Thanks for all the info, as always! I'm also just about to convert my '67 F100 2wd from manual drums to power drums.

To make sure I'm understanding correctly:
A '67 F100 2wd was only available with (std) manual drums or (optional) power all-drums. Both use the same proportioning valve and the same master cylinder, right?

So, to convert a '67 F100 2wd from manual drums to power drums, you essentially are just shifting the master cylinder forward and adding the booster, mounting brackets and the link to the pedal.

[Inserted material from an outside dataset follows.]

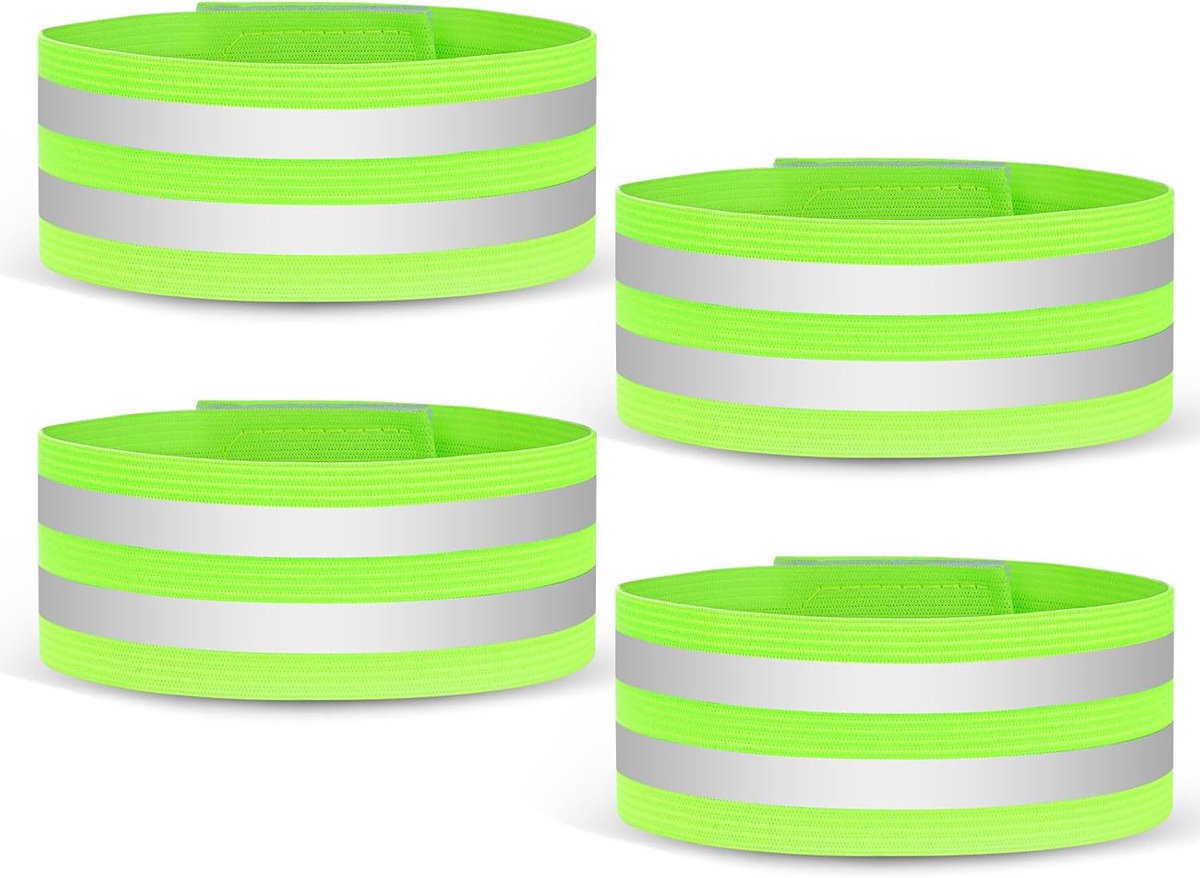 Reflecterende Veiligheidsbanden – Fluorescerende Reflectiebanden met Klittenbandsluiting – Voor Hardlopen, Fietsen, Wandelen en Hond Uitlaten in het Donker – Reflecterende Accessoires voor Kinderen en Volwassenen – Groen – 35 cm – 4 Stuks
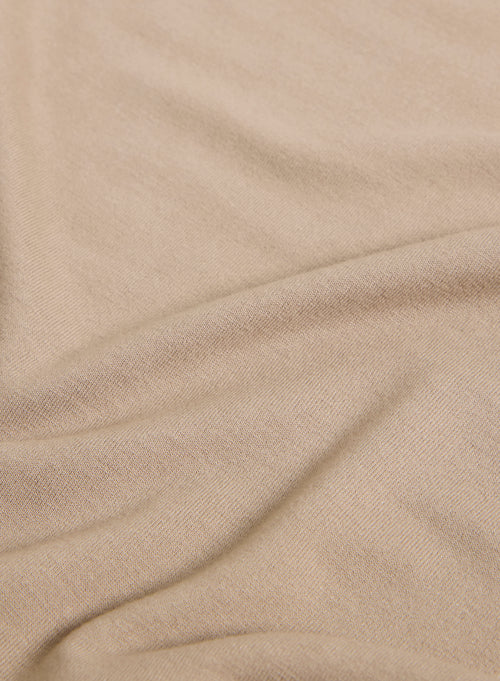 Beigefarbenes ärmelloses Kleid mit Wasserfallkragen aus Viskose - MAJESTIC FILATURES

Of course, that's where it gets tricky. Ideally, you try to find a '67 F100 with the power drums option, but they are rare. So, you get the booster and hardware from a '68-'72 model, and match it up with the all-drums master cylinder. But, because of all of the combinations of master cylinders, boosters, brackets, links and pedals that were available between '67 and '72 on all of the truck models, it's easy to get a mismatch of the parts that won't work together. This is where it's best to get the whole master cylinder-to-pedal link package from one truck.

In my case, I bought a whole kit from a guy who seems to know his Ford trucks. It's the master cylinder, booster, and brackets from a '68 F100 2wd with power drums. He then included the adjustable-length pedal link. I haven't done the conversion yet, but it all looks like it goes together. I'm going to be replacing all of the lines and hoses at the same time.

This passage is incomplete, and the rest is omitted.